Since 2009, the average person in California is staying in their home twice as long as they did in years prior. The fact is that the housing market has locked up and become illiquid and homeowners are increasingly immobile. This is a combination of the unevenness of our economic recovery and our aging population and our affordability issues. In other words, the rich can still buy and sell whatever they want but regular, elderly people are increasingly stuck in their homes. They have no place to go that they can afford unless they want to move far away.
It would be of great benefit to our housing "crisis" if the market was more liquid and more robust and those homes could come on the market. Consider for a moment also that the velocity of homes sales is the single greatest contributor to tax revenue increases, with or without Prop 13.
Market activity is a good thing for the state's coffers. This is why many people who do this for a living, such as realtors, support Prop. 5. Because they know that it will increase the velocity of sales.
The truth is that elderly people are the most likely to live on fixed incomes and so they are also the most likely to not sell their homes until they must, and then will only buy what they can afford. In addition, the most important factor to consider is that when the elderly sell their homes, the vast majority (particularly over 65) will move down in size and price, not up. They will not be scamming the system to buy larger, more expensive homes to avoid taxes. There is zero statistical evidence that the majority of people over 65 move up in house size and price.
Elderly people down-size. Elderly people are also the most likely to move out of large homes and more expensive metropolitan areas to other parts of the state or out of the state altogether. And when they do move laterally, it's typically from a single family home to a smaller condo. Upkeep and maintenance are also major drivers of those decisions.

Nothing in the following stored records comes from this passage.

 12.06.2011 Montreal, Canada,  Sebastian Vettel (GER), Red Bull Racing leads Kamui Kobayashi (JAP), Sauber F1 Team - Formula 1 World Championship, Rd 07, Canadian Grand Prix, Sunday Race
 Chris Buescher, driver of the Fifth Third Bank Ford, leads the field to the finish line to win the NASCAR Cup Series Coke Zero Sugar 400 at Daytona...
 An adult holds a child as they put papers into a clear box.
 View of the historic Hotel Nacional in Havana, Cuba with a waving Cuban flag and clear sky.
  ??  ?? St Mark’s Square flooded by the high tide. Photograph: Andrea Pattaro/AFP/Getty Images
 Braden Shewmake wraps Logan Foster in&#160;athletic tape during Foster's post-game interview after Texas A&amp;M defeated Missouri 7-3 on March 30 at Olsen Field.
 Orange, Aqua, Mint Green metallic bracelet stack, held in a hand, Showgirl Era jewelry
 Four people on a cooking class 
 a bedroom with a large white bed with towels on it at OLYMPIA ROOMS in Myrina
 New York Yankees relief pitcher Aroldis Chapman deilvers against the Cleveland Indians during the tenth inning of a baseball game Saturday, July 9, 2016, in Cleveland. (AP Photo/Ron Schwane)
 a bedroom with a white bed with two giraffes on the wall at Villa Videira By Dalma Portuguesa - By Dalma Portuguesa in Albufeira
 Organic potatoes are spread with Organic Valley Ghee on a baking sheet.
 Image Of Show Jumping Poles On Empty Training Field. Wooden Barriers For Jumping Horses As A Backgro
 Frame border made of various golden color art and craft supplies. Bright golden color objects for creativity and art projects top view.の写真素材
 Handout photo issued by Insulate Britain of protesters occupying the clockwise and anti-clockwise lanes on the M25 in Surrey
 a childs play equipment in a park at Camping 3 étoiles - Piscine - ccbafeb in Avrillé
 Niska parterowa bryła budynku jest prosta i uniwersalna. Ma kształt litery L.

The opposition groups and the Legislative Analyst's office harp on a negative perspective and entirely miss how markets work. In a "market," there is always a buyer for every seller.
For every elderly
person selling a larger home there is a new buyer, who is paying top dollar for that home and
starting with a new, very high tax basis. The dynamics and historical
statistical data would predict then that overall this will be a net gain for areas such as
the San Francisco Bay Area, and a "push" for more remote areas to the
north and south, where existing home prices are much lower. In fact, a person moving from Marin to Humboldt County or inland will probably not even be able to use their old tax basis to save money.
Anyone who has lived in an average neighborhood in Marin for the past twenty years has watched this predictable and steady turnover of property from the elderly to new families. And that turn over has been good news for state and county tax revenues.